Chennault submitted a plan to the Roosevelt administration to send fighters and active duty US Air Corps pilots to China under the guise of being a “volunteer group.” President Roosevelt approved this idea on the spot.
This, however, was a serious violation of international laws. Chennault’s air corps was dubbed the “Flying Tigers”. The United States supplied their fighter planes, which each had the image of a shark’s face painted on its nose cone and the “white sun, blue sky” emblem of Nationalist China marked on its wings. The Flying Tigers, piloted by American “volunteers”, made big headlines in the United States.
In July of 1939, the Roosevelt administration notified Japan that it had decided to not renew the Treaty of Commerce and Navigation which was set to expire in January of next year. Japan and the United States had signed the Treaty of Commerce and Navigation in 1911.
It was also in July that the United States imposed a restrictive licensing system on the export of oil and scrap iron to Japan and prohibited the export of aircraft fuel.
The Second World War began in September with the invasion of Poland by Hitler’s Germany. The United States immediately declared its neutrality.
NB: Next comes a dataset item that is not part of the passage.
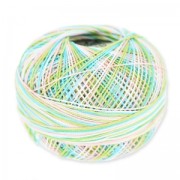 Fil de coton Lizbeth taille 20 Wild Flower n°109 x192m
President Roosevelt made a radio address in which he stated, “I hope the United States will keep out of this war… As long as it remains within my power to prevent, there will be no blackout of peace in the United States.”
In October, an American military code-breaking team succeeded in decrypting Japan’s diplomatic code. It referred to the diplomatic code as the “Purple Code” and called its cipher machine the “Purple Machine.”
The United States was thus able to gradually learn all the Japanese government’s secrets.
In December, the Roosevelt administration added aluminum, which is indispensable for the manufacture of aircraft, to the list of items prohibited from export to Japan, as well as magnesium, molybdenum, and any technical information or designs to be used in aircraft fuel plants or for the production of aircraft fuel.
20
President Roosevelt’s most trusted advisor was his Treasury Secretary Henry Morgenthau.
Exactly one year prior to the outbreak of war between the United States and Japan, December 7, 1940, Morgenthau wrote in his diary that he had told President Roosevelt they should hand China “some long-range bombers with the understanding that they were to be used to bomb Tokyo and other Japanese cities,” and Roosevelt responded that, “it would be a nice thing if the Chinese would bomb Japan.” A plan to launch a surprise bombing strike on the Japanese mainland, entitled “JB-355,” was drawn up by the Joint Army-Navy Board.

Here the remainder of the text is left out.